Consequently, Secretary Carson established HUD’s new Landlord Task Force and announced a number of forums across the county to hear directly from landlords on ways to increase their participation in the HCV Program.
“These studies tell us that we have a lot of work to do to engage more landlords, so our Housing Choice Voucher Program can offer real choice to the families we serve,” said HUD Secretary Ben Carson. “We will be traveling the country to hear directly from landlords about how we can make this critical program more user friendly.”
Next month, HUD will release a new study of landlord voucher acceptance in five cities: Philadelphia; Los Angeles; Fort Worth; Newark, New Jersey; and Washington, DC. The study, which was sponsored by HUD and conducted by the Urban Institute, is the first to use paired testing methods across multiple sites to examine landlord treatment of voucher recipients. While landlord participation varies across the five study sites, the researchers found voucher recipients are hard pressed to find a landlord who will accept their vouchers, especially in higher opportunity neighborhoods. In addition, landlords often ‘stand up’ testers posing as voucher recipients and even deny rental requests once testers reveal their source of income. Read a summary of HUD’s and the Urban Institute’s forthcoming Pilot Study of Landlord Acceptance in the Housing Choice Voucher Program.

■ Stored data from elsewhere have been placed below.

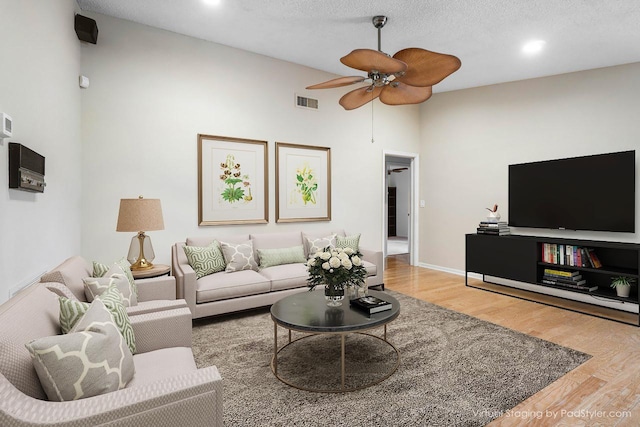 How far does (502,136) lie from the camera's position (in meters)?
5.14

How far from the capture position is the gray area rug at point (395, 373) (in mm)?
2025

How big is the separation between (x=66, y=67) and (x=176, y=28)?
4.49 feet

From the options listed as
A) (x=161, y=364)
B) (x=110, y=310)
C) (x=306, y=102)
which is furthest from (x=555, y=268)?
(x=110, y=310)

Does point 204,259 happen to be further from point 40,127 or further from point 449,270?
point 449,270

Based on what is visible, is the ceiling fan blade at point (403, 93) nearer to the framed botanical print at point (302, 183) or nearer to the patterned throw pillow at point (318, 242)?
the framed botanical print at point (302, 183)

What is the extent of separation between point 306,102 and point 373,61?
8.85 feet

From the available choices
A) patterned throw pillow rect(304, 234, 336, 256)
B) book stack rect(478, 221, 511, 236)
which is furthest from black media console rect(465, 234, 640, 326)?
patterned throw pillow rect(304, 234, 336, 256)

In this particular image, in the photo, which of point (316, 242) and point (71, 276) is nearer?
point (71, 276)

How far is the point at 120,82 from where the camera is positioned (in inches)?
148

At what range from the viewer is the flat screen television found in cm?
388

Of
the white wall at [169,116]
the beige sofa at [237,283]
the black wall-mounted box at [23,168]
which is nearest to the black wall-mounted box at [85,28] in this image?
the white wall at [169,116]

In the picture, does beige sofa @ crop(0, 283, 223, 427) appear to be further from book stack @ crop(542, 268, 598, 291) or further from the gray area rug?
book stack @ crop(542, 268, 598, 291)

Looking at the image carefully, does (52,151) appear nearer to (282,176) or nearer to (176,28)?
(176,28)

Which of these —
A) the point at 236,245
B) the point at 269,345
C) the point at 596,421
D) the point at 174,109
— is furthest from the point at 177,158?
the point at 596,421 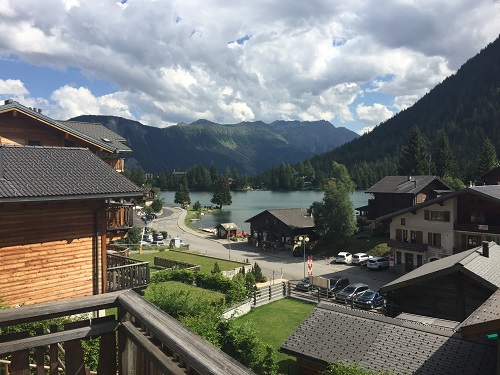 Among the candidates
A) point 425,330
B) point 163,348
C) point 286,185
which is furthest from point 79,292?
point 286,185

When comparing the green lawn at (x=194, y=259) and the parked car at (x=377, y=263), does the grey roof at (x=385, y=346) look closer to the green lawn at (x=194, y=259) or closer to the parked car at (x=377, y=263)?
the green lawn at (x=194, y=259)

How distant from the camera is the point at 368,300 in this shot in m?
29.1

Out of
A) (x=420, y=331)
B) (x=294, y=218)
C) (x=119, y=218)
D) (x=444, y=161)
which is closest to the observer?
(x=420, y=331)

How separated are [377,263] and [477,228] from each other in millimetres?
10251

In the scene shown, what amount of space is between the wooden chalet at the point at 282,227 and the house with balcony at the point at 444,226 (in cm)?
1559

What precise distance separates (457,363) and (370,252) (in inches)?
1543

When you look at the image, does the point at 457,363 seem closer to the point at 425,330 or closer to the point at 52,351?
the point at 425,330

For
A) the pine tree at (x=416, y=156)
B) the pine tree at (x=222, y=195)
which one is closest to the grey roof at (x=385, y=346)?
the pine tree at (x=416, y=156)

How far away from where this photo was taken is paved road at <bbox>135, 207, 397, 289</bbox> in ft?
135

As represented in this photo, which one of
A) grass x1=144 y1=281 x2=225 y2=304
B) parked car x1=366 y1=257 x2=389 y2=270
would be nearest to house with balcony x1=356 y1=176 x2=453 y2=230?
parked car x1=366 y1=257 x2=389 y2=270

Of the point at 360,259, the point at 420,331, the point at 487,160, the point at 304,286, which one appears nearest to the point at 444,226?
the point at 360,259

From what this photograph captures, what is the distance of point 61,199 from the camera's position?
14.3 m

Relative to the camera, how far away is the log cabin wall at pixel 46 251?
45.8 ft

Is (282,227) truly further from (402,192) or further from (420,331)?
(420,331) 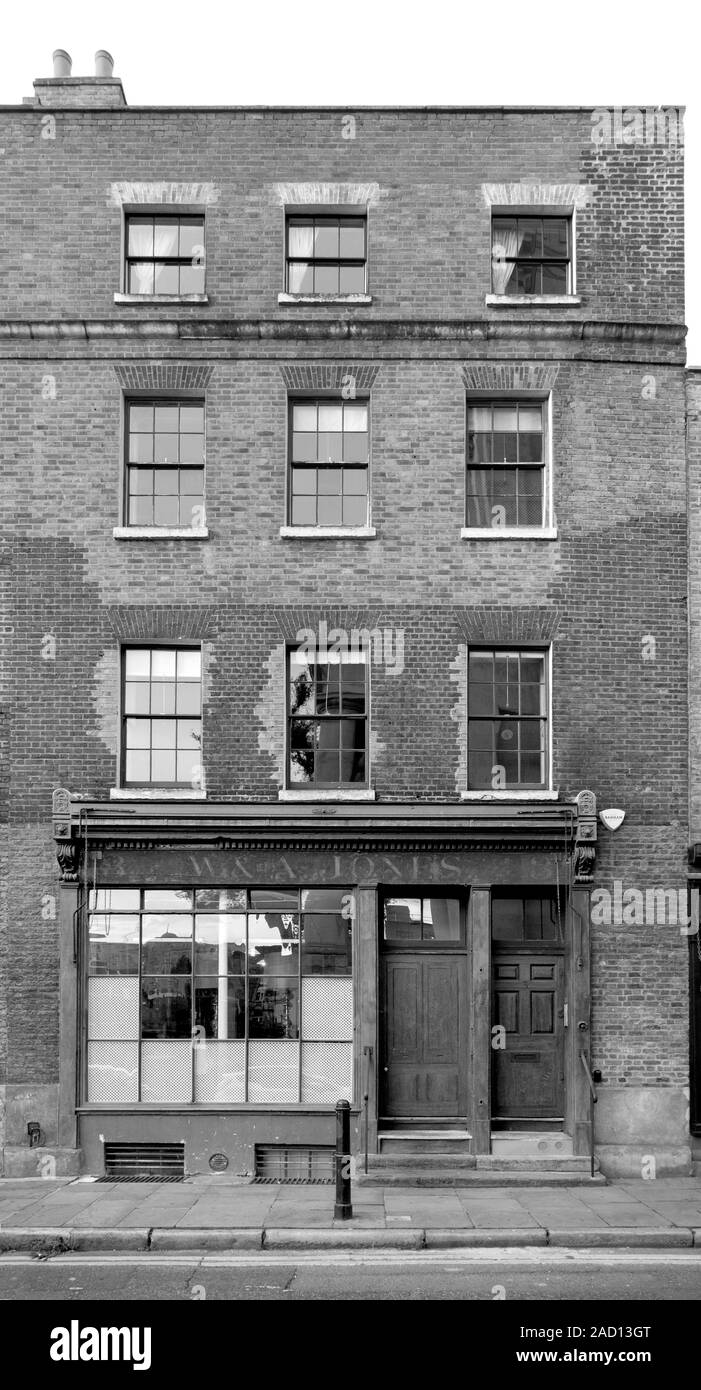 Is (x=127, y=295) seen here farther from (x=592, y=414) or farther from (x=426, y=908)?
(x=426, y=908)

Another study examined the role landlords and property managers play in housing low-income tenants, especially voucher recipients, in three urban rental markets—Baltimore, Cleveland, and Dallas. Prepared by Johns Hopkins University, the study examined how these local markets influence a landlord’s decision whether or not to participate in the HCV Program. The researchers found that, while many landlords liked the program’s reliable rent payments, the main reasons given for not participating in the HCV program were frustrations with required inspections and disappointment with how local housing authorities handle disputes with tenants. Read Urban Landlords and the Housing Choice Voucher Program.
To encourage more landlords and property managers to participate in the HCV Program, HUD’s new Landlord Task Force will host a number of forums across the country to engage directly with housing providers, specifically those who do not participate in the voucher program. These listening forums are intended to reveal how HUD might make its primary rent subsidy program more accessible and acceptable, specifically in higher opportunity neighborhoods where landlord participation is lowest.
HUD will begin its landlord engagement campaign on September 20th in Washington, DC when it will present the findings of the two aforementioned studies. Individual landlord forums are planned in Philadelphia, Atlanta, Dallas, Los Angeles, Salt Lake City and Salem, Oregon. After completing these landlord forums, the Landlord Task Force will provide policy recommendations to the Secretary on programmatic changes to increase landlord participation in the HCV Program.